#### Aim of the exercise
In your copy, leave out the pictures and output only the lines from the one holding "Зимові штурмові рукавиці" through the end of the data below, exactly.

#### Supplied records
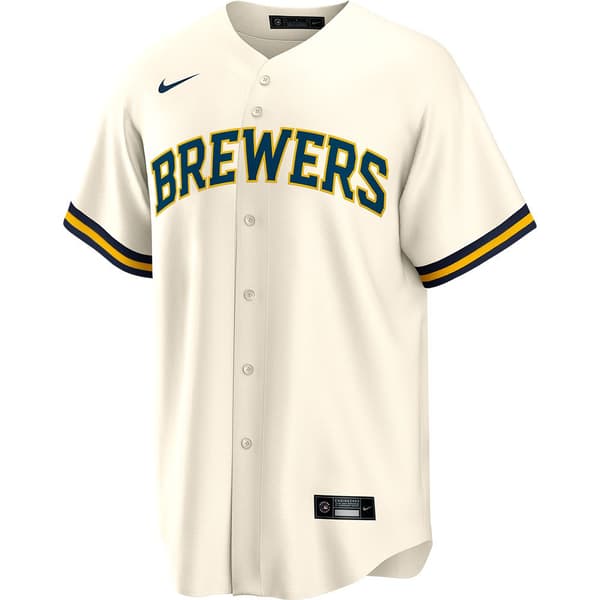 Nike Kortærmet T-shirt Milwaukee Brewers Replica Official Replica Home Beige S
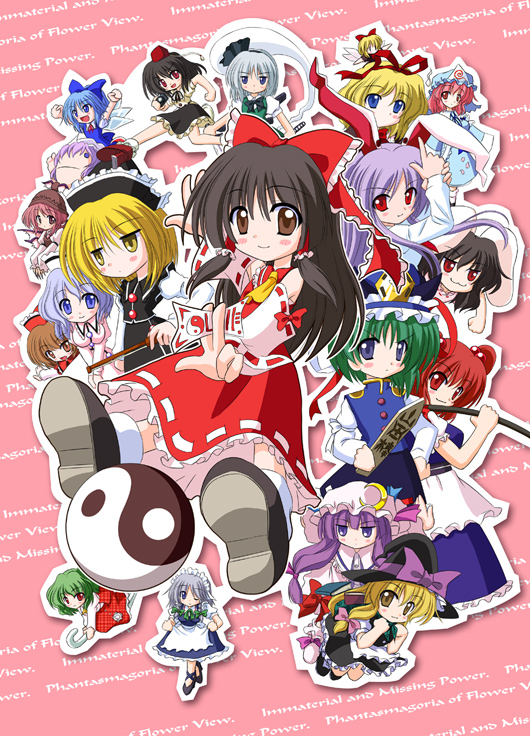 hakurei reimu, kirisame marisa, izayoi sakuya, konpaku youmu, cirno, and 14 more (touhou and 2 more) drawn by yamu_(reverse_noise)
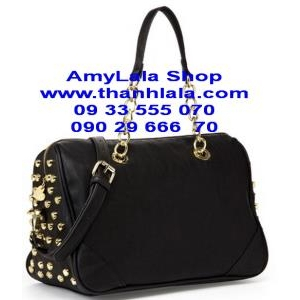 Túi Betsey Johnson màu đen nút khóa mạ vàng nổi bật (Made in USA) - 0933555070 - 0902966670 -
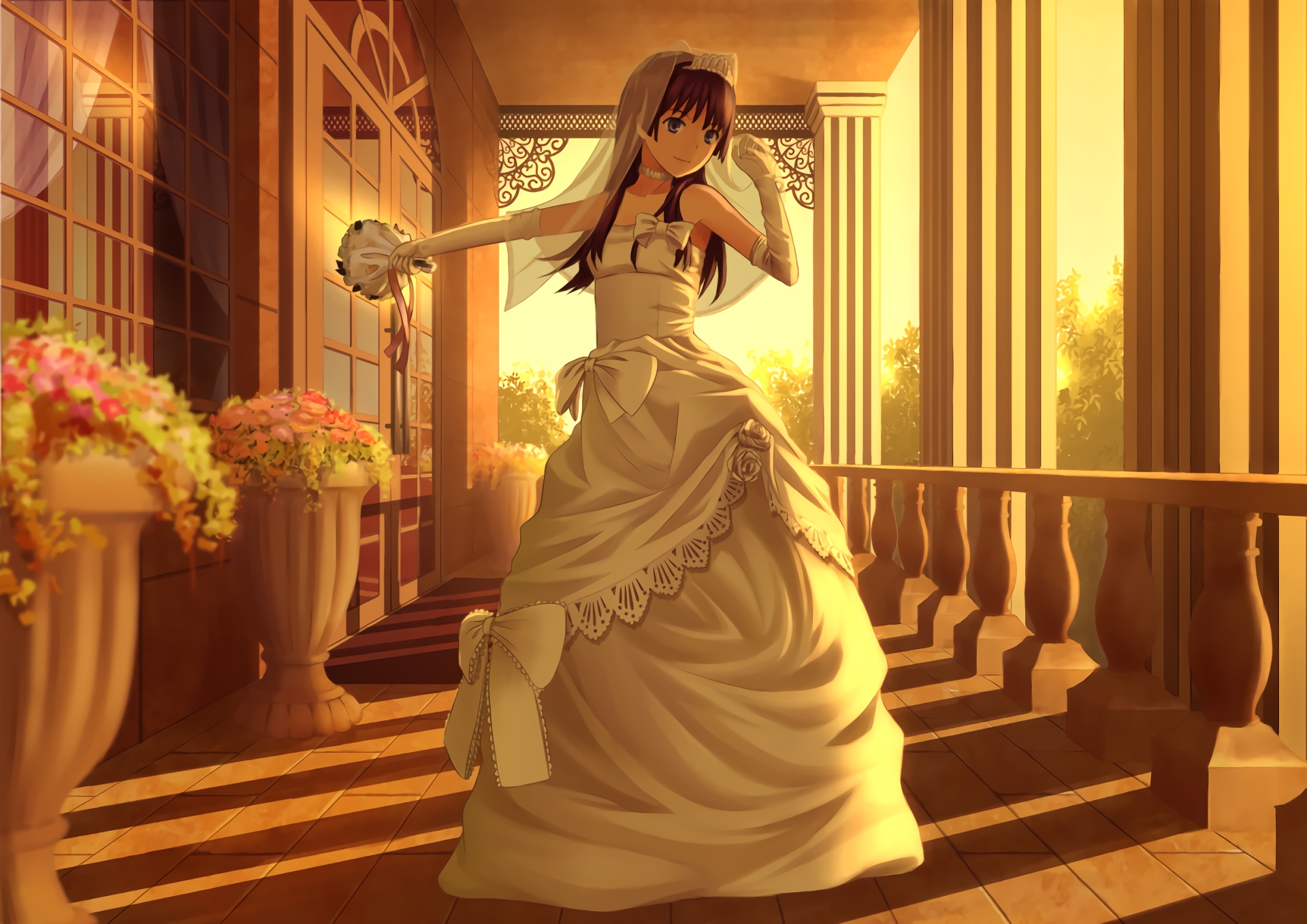 Девушка в платье аниме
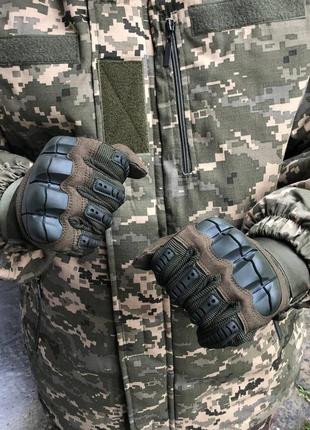 Зимові штурмові рукавиці перчатки военные хаки перчатки військові тактичні зимные на утеплитиле2 фото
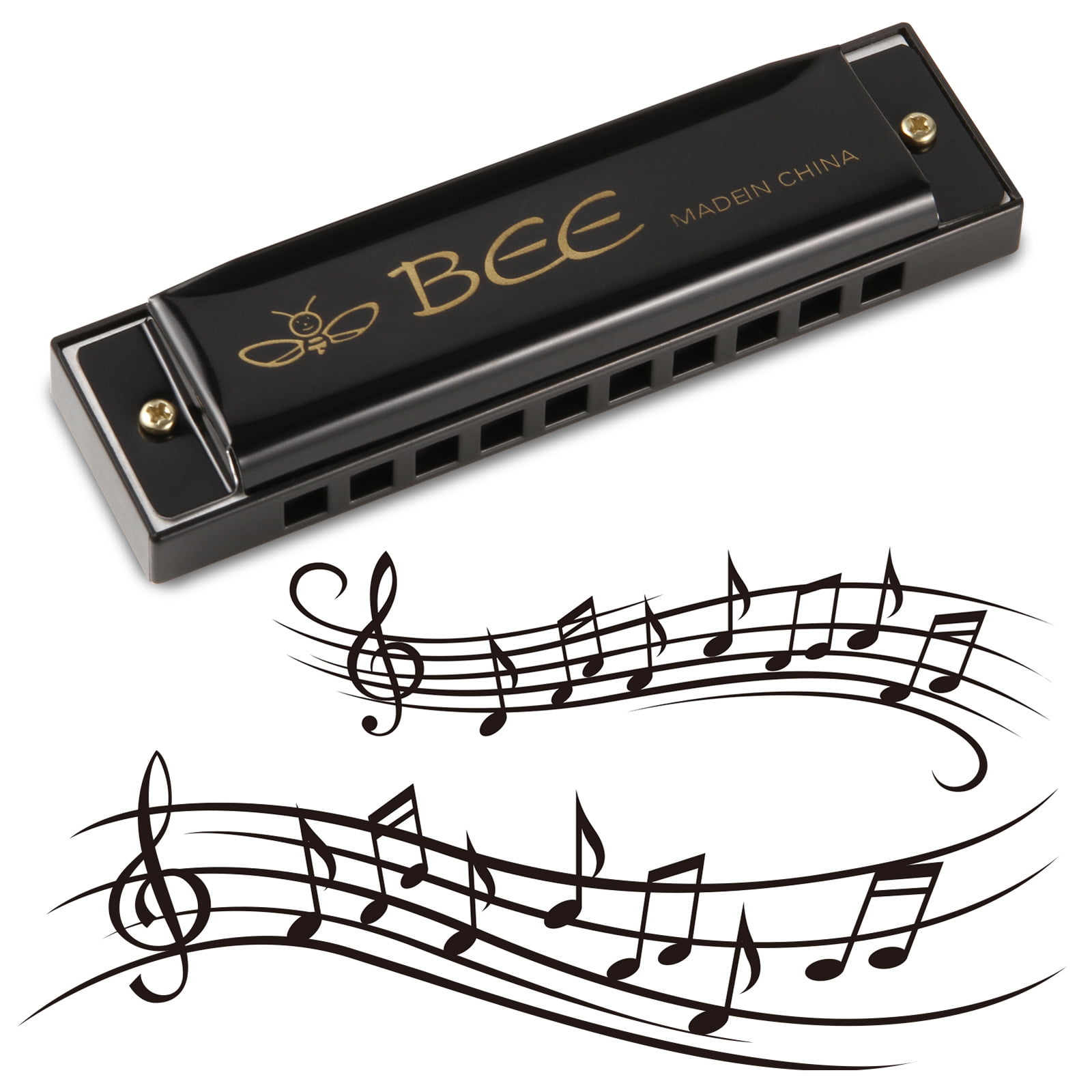 Kids Gift Black Adults Key of C for Beginner Harmonica 10 Holes 20 Tunes Mouth Organ Blues Deluxe Harmonica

#### Exercise answer
 Зимові штурмові рукавиці перчатки военные хаки перчатки військові тактичні зимные на утеплитиле2 фото
 Kids Gift Black Adults Key of C for Beginner Harmonica 10 Holes 20 Tunes Mouth Organ Blues Deluxe Harmonica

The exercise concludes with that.